Exercise brief:
Which lines run from the one containing "Macy Ruffle Trim Maxi Dress" through the end of the material? Reproduce them exactly.

+++ Data in this exercise +++

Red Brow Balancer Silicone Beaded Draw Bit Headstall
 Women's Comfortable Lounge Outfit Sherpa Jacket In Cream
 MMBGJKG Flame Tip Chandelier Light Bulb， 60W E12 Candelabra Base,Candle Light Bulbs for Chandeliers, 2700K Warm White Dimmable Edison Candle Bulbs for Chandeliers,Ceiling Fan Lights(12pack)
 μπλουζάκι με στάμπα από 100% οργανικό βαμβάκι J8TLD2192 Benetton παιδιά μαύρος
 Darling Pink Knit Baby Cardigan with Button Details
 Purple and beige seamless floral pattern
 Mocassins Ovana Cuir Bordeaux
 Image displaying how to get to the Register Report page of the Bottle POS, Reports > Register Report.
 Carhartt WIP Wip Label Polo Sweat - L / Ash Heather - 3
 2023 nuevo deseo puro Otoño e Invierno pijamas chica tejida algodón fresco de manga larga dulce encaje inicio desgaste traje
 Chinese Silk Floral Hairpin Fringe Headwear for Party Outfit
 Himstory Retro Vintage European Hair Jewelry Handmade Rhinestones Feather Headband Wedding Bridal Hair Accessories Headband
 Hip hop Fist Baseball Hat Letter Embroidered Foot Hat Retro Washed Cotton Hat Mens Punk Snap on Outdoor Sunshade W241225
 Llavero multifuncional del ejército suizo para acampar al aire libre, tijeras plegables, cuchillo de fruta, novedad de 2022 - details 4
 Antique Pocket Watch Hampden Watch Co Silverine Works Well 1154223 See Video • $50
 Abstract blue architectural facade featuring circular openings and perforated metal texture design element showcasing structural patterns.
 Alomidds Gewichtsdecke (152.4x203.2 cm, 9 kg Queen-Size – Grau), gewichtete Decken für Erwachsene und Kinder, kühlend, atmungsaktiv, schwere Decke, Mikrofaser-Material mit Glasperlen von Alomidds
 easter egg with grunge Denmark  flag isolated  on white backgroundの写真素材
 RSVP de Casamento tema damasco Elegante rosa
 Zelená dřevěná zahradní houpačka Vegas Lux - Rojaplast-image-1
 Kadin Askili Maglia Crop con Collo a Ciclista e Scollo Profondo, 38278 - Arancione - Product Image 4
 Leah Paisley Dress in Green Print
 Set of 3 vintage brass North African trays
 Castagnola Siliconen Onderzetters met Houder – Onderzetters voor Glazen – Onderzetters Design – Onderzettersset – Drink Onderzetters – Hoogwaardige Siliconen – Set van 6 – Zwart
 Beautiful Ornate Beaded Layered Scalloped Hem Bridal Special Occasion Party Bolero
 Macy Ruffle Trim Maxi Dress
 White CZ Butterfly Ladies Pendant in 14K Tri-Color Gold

+++

Exercise answer:
 Macy Ruffle Trim Maxi Dress
 White CZ Butterfly Ladies Pendant in 14K Tri-Color Gold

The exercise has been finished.